The 1943 Election: A Disaster for Hague
In 1943, Hague tried to recruit Moore for yet another term as governor, but Moore declined to continue running for public office, much to his dismay. Instead, Newark Mayor Vincent J. Murphy was the nominee, but he was up against someone who had done the job before: Walter Edge. Although Hudson County voted the strongest for Murphy of all counties, it was not enough, and Edge won the election by 11 points. Governor Edge proceeded to combat the Hague machine through his attorney general, Walter Van Riper, who initiated raids on a source of revenue for the Hague machine: protected horse race gambling establishments. Although Hague managed to get Van Riper indicted on trumped-up corruption charges, he was acquitted at trial, and some of the witnesses against him had probably committed perjury (Fleming). Furthermore, the Edge Administration got voting machines installed in Hudson County to crack down on fraud. However, Hague was, as mentioned in part I, quite skilled at getting turnout high without voter fraud, thus he and his machine were still able to win elections. However, a factor that had helped him win elections had started to chip away at his machine’s power: ethnicity. Hague’s rise was the rise of Irish Catholic voters, but Jersey City’s population was getting more and more Italian and Polish Catholics, and their general lack of representation in the machine was a sore spot. Another problem was that Hague was spending less time in Jersey City and more time in Florida, meaning that his deputy was increasingly serving as his mouthpiece; not quite the threat of Hague being there personally. Worse yet, the number of positions appointed by the governor that he had power over was declining since the longer he didn’t call the shots, the more people who were independent of him were appointed as the terms of his people expired. In 1946, yet another governor was elected who could not be counted on to supply patronage in Republican Alfred Driscoll, who would also succeed where Edison could not in getting the New Jersey Constitution updated, and this included replacing the New Jersey Court of Errors and Appeals with the New Jersey Supreme Court. On June 4, 1947, Hague resigned, having his nephew Frank Hague Eggers take his place. However, it was soon clear that Eggers was taking orders from Hague; Hague had racked up massive phone bills for his calls from Florida to New Jersey. Thus, he was still essentially acting as mayor, much of the time doing so from Florida.
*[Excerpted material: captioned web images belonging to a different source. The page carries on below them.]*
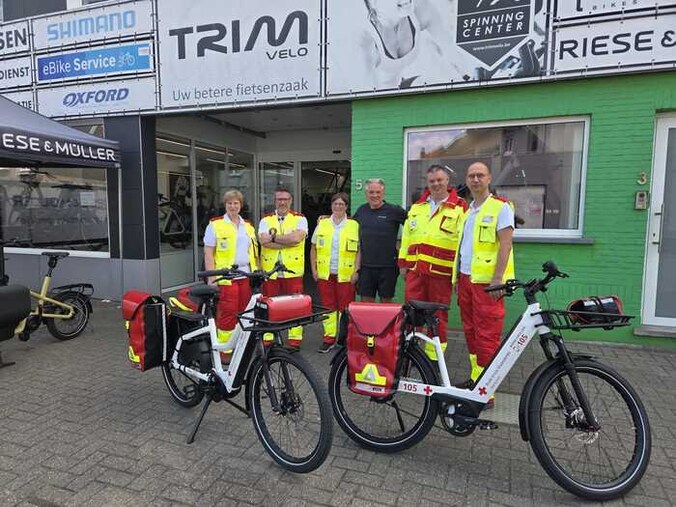 De vrijwilligers van het Rode kruis met hun twee nieuwe fietsen.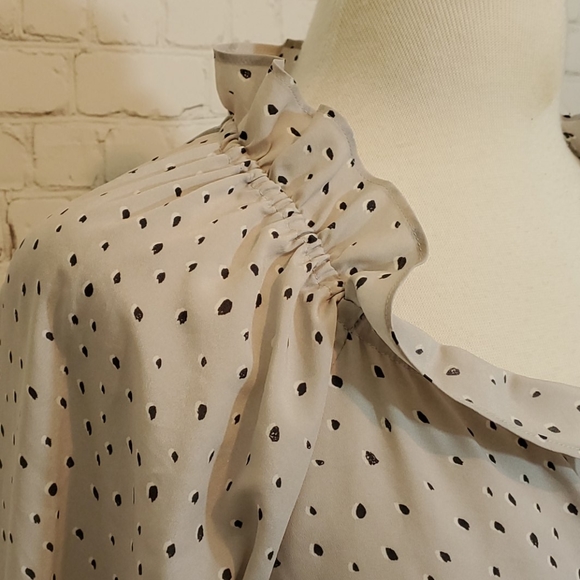 Banana Republic gray dotted blouse - Picture 4 of 7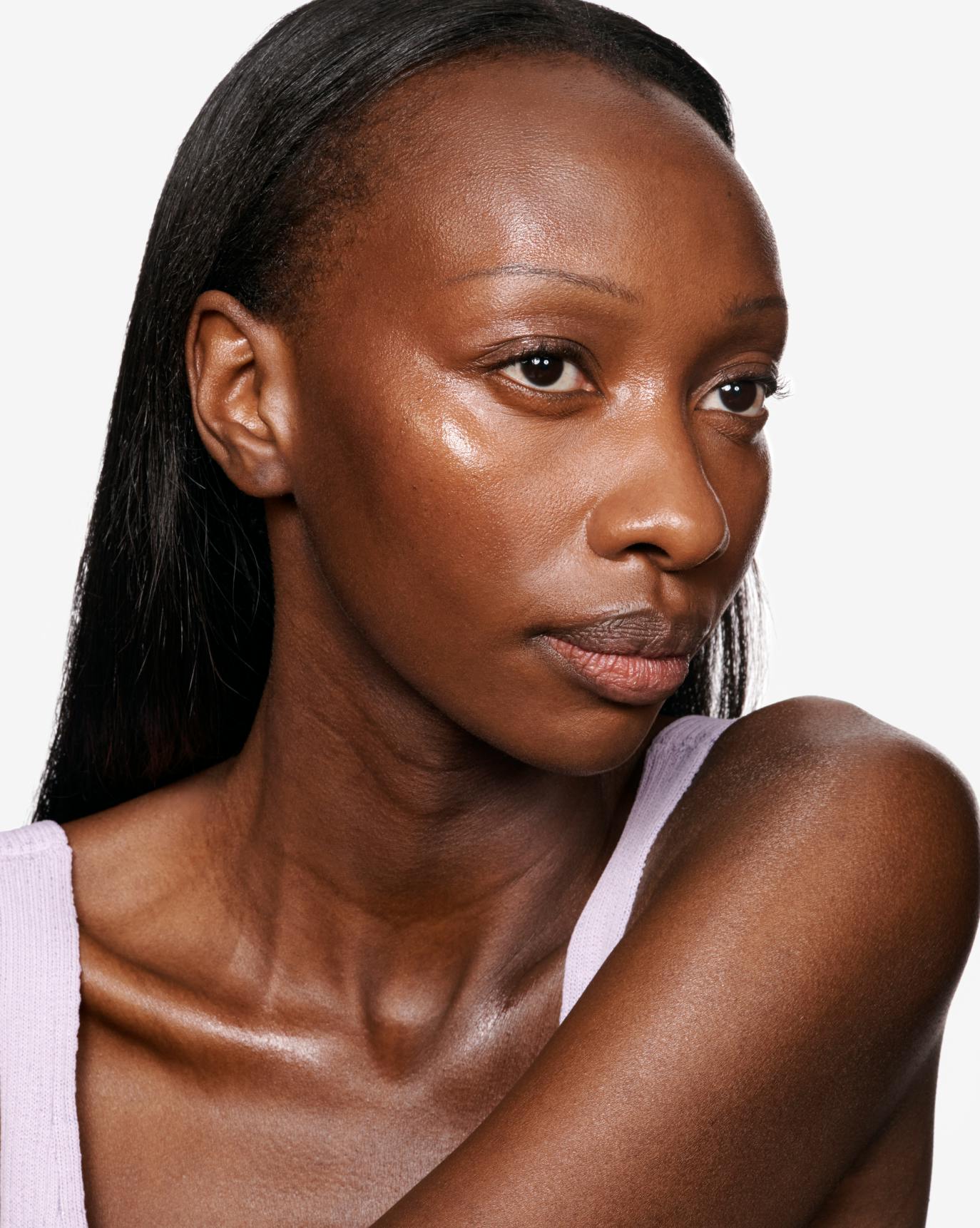 Mercy wears Futuredew Solid.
1949: The Year of Hague’s Waterloo, and The End
In the mayoral election, it was former ally John V. Kenny, the son of saloon owner Nat Kenny who had loaned Hague money for his first ever campaign, against Frank Hague Eggers. As mentioned earlier, Italian and Polish Catholics were out in the cold from the Hague machine, and Kenny took advantage of this development as well as money he received from Republican sources. A sign of Hague’s waning power was when at a campaign event Hague, his nephew, and others in his entourage were pelted by eggs by the crowd and while the others retreated, Hague stood and stared down the crowd when a man screamed at him “G’wan back to Florida!” and he in turn pointed at the man and shouted “Arrest that man!” (Fleming) However, the police officers present were not supportive of Hague, and thus did nothing, a marked contrast to Hague’s days of power in which police would indeed arrest, and probably work over, that man. Indeed, all those who had problems with Hague and his machine lined up behind Kenny, and he did win the election. Although you might think this a happy ending, it should also be noted that although the typical vote-buying practices were used by the Hague machine to try to hold on, the Kenny campaign also bribed voters, and crucially paid more per bribe at $15, $10 more than the going rate the Hague campaign was employing (Fleming). Kenny’s victory in truth was not one for good government, even if many of his supporters saw it that way, rather it replaced one corrupt regime for another. However, Hague still had numerous public officials behind him in Jersey City, thus he still had a lot of power behind the scenes. The best way Hague could reaffirm his power at this point was to secure the election of a Democratic governor.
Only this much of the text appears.